Data suggests that the task of reviewing and rectifying AI-assisted work is disproportionately falling on more experienced engineers. While senior engineers possess the skills to identify subtle errors that junior developers might miss, enabling faster deployment, they are also incurring a growing “correction tax.” A July 2025 Fastly survey indicated that senior engineers deploy nearly 2.5 times more AI-generated code than their junior counterparts, primarily due to their superior ability to catch mistakes. However, nearly 30% of seniors reported that fixing AI output consumed most of the time they had saved, compared to 17% of junior developers. Junior developers, lacking the full understanding of technical debt and latent vulnerabilities introduced by AI, may perceive greater productivity gains in the short term.

Measuring Success: Beyond Throughput

The current metrics for evaluating AI coding capabilities are also coming under scrutiny. A study by METR, an AI evaluation organisation, found that half of AI coding solutions that passed a prominent industry test – itself graded by an AI model – would have been rejected by human reviewers for inadequate quality. Toby Ord, Senior Researcher at the Oxford Martin AI Governance Initiative, believes that current estimates of AI coding ability are “indeed overstating things, and perhaps by a significant factor.”

Loker also raises concerns about how companies measure the “success” of AI coding. While throughput increases are easily quantifiable, the downstream consequences are not. Traditional metrics like features shipped and code committed may appear strong with AI involvement, but they fail to capture the time spent debugging, rolling back changes, or cleaning up technical debt. This can lead to a misleading impression of overall code health.
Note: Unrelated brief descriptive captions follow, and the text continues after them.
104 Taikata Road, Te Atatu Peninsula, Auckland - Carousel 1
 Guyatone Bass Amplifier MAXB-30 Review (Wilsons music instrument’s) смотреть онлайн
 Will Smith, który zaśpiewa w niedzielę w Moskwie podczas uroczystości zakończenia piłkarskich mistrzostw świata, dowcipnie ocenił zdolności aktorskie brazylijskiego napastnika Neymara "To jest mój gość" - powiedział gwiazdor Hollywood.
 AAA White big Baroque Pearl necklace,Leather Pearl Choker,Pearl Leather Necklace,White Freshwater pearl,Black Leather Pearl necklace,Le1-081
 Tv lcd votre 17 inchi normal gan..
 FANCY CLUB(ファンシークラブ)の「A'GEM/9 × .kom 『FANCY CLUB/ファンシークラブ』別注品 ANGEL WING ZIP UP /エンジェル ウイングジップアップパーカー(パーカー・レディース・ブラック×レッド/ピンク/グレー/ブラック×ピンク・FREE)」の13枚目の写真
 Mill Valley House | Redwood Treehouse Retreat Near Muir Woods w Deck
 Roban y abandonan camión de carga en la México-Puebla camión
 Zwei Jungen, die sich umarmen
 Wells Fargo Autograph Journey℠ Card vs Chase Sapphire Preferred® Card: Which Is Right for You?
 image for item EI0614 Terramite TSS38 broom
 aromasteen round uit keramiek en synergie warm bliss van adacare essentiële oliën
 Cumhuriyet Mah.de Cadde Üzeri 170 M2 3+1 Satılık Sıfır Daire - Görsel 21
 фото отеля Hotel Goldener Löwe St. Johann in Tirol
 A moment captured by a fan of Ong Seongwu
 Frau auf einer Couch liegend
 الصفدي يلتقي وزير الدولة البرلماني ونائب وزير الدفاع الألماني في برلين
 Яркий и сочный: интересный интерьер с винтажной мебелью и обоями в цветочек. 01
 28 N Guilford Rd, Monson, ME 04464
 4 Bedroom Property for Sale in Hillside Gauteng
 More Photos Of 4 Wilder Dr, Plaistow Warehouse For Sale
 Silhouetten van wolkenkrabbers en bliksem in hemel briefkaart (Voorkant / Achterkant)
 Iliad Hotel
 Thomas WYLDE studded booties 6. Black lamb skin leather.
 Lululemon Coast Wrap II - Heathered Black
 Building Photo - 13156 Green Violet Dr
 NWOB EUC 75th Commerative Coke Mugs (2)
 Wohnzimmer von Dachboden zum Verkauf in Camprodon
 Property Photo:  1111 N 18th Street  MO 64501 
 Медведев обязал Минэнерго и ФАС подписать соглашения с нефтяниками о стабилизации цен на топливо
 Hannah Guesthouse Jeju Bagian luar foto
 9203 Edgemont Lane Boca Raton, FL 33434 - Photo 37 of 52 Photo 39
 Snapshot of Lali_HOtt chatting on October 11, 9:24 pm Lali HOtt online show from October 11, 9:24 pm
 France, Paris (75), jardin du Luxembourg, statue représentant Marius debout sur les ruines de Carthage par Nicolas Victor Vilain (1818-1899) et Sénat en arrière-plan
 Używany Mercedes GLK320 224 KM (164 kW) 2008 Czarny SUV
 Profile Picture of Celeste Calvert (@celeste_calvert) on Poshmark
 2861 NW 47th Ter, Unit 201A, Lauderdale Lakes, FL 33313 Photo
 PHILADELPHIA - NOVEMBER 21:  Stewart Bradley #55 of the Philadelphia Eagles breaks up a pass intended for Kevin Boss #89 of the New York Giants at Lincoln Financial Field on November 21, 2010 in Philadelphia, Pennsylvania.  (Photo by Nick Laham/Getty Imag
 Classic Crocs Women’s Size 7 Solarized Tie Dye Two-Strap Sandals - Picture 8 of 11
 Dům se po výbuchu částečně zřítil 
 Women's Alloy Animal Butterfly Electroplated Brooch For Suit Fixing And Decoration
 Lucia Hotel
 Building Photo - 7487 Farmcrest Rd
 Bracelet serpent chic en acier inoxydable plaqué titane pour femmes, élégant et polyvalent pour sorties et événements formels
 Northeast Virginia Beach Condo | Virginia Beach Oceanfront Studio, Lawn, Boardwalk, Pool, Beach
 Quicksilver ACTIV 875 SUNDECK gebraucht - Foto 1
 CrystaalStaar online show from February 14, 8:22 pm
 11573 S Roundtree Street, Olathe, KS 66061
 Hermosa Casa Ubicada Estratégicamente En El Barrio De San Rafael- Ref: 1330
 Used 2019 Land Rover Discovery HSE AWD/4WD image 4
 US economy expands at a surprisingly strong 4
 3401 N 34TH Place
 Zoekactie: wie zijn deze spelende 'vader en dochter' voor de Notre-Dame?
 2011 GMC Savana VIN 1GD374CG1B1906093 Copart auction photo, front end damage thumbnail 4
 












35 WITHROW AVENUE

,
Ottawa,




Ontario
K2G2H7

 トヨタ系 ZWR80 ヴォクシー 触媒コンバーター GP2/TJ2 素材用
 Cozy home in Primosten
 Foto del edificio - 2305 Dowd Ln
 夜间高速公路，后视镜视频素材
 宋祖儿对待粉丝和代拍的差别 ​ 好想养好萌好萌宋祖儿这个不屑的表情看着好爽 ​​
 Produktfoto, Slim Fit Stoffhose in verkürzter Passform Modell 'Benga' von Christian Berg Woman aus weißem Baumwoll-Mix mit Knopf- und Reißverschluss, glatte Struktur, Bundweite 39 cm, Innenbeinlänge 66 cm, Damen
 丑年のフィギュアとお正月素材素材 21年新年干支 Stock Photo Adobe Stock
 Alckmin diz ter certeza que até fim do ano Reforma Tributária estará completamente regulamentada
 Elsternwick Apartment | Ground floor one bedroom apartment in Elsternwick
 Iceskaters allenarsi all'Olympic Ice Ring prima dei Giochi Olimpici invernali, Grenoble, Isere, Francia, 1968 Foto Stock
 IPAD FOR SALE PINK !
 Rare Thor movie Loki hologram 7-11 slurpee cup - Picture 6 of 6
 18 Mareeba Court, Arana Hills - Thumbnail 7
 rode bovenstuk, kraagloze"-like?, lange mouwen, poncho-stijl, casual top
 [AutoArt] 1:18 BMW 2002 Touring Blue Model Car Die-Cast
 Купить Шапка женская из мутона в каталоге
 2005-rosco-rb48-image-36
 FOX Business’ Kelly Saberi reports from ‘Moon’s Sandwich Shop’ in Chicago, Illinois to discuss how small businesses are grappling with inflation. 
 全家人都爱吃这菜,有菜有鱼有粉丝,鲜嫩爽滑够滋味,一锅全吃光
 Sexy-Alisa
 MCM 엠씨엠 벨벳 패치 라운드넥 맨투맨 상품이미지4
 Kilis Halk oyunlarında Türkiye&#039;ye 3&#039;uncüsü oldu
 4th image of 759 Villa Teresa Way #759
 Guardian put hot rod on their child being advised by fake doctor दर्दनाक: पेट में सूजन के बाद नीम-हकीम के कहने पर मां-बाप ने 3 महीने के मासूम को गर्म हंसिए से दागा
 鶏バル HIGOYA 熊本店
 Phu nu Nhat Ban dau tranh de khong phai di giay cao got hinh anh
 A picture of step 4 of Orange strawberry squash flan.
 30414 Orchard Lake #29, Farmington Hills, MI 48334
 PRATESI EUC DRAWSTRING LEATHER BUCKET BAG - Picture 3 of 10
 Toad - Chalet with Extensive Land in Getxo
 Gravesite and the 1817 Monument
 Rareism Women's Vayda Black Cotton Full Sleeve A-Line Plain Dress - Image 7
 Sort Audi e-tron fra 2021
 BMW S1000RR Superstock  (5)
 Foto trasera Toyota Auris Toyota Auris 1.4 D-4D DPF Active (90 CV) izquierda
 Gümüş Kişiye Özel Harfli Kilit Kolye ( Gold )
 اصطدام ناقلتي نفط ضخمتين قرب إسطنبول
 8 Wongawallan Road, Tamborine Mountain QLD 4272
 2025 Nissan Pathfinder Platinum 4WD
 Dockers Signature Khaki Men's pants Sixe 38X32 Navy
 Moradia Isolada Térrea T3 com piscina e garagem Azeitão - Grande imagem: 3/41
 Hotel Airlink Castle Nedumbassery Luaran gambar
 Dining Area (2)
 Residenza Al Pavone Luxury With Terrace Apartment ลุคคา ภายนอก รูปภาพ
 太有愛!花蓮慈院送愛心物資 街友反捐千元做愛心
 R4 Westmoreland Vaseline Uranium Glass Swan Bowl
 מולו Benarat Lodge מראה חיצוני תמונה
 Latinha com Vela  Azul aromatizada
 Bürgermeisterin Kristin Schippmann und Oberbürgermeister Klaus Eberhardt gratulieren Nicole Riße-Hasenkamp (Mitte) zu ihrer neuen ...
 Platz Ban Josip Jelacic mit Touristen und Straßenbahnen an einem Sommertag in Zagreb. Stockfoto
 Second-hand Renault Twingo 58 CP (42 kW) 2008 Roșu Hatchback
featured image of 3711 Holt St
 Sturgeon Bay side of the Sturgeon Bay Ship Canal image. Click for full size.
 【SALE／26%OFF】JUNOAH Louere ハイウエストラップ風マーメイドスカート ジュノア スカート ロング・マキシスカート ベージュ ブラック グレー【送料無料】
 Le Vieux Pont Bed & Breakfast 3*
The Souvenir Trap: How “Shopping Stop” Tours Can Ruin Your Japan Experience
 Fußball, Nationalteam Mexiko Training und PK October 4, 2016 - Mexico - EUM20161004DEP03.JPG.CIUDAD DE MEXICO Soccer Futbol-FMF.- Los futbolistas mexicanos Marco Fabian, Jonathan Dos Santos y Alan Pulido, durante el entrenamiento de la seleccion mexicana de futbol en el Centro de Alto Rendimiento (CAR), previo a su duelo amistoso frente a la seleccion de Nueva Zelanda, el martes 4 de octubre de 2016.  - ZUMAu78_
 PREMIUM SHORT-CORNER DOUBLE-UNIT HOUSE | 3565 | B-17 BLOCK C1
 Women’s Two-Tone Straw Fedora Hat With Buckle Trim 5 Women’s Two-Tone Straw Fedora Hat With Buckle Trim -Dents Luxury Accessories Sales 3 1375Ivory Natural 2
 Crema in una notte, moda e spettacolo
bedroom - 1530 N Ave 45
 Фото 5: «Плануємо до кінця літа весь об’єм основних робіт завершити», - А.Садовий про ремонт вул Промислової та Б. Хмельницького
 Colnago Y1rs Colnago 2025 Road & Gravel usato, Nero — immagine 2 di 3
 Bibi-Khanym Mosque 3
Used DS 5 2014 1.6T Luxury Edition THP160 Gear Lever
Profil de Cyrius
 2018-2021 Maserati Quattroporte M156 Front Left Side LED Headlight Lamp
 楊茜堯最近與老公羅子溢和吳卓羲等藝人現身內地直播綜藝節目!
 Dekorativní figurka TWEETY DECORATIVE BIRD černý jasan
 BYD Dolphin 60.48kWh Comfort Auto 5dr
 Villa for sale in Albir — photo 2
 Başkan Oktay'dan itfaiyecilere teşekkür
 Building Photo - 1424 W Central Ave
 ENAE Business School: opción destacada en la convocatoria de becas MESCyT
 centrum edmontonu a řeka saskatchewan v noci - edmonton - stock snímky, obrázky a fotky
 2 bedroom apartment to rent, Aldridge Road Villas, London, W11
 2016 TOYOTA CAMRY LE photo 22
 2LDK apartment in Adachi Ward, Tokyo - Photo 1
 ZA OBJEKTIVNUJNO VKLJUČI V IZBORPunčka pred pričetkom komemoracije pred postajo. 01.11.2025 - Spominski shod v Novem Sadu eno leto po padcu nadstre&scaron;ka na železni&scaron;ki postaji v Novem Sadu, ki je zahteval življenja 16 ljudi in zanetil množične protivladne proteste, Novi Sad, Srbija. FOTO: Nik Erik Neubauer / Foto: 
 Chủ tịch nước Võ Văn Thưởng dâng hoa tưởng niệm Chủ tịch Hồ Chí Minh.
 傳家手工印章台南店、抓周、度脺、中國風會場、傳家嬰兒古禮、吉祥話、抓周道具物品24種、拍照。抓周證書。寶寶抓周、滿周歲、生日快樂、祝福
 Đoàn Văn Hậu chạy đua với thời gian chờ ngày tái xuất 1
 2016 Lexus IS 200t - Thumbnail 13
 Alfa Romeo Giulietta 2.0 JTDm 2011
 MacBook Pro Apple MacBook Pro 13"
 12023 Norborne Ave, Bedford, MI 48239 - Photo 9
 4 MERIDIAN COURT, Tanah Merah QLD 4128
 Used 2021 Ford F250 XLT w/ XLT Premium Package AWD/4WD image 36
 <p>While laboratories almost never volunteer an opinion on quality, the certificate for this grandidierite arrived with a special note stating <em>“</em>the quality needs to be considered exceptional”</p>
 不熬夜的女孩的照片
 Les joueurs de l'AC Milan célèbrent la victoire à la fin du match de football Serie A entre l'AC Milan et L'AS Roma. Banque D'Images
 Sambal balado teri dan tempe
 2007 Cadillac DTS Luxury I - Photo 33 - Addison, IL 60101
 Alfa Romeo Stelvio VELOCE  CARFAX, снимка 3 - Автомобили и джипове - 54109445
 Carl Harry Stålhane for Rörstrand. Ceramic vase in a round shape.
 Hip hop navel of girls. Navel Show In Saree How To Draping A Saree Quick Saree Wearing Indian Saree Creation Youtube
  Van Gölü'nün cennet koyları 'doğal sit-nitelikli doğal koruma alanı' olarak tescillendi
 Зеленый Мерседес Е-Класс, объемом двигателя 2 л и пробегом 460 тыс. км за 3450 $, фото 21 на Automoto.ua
Companies deploying AI at scale risk accumulating significant technical debt – code that works in the short term but becomes increasingly costly to maintain. Loker estimates that the rate at which technical debt is being generated using AI is “three to four times what it was previously.” As organisations like AWS and Nvidia grapple with vast amounts of legacy code, finding context for AI to understand and modify becomes more challenging, increasing the potential for introducing new problems.